§ INFORMATION SHOWN

——

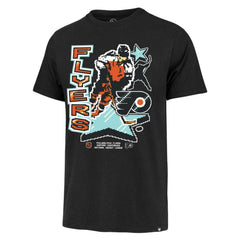 NHL Philadelphia Flyers '47 Lamp Lighter Franklin T-Shirt - Black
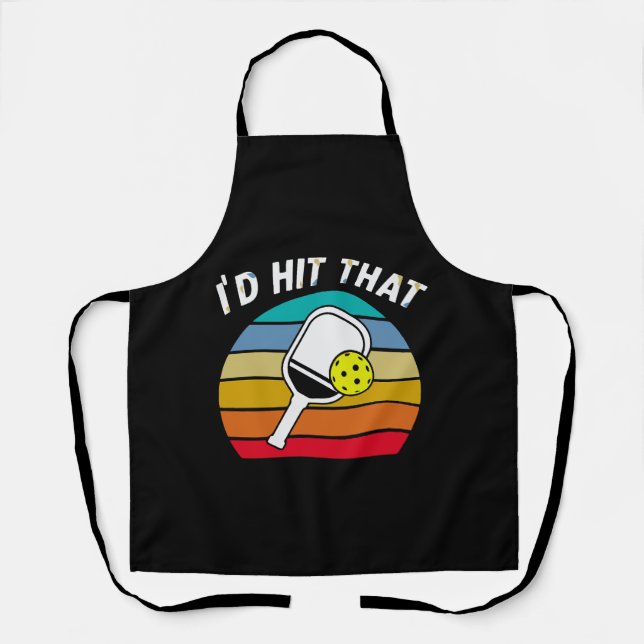 Funny Pickleball Shirt  Apron (Front)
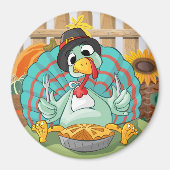 感謝祭トルコ マグネット (正面)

——

§ EXERCISE GOAL
Set down the material above as is, without any pictures.

§ TASK RESULT
 NHL Philadelphia Flyers '47 Lamp Lighter Franklin T-Shirt - Black
 Funny Pickleball Shirt  Apron (Front)
 感謝祭トルコ マグネット (正面)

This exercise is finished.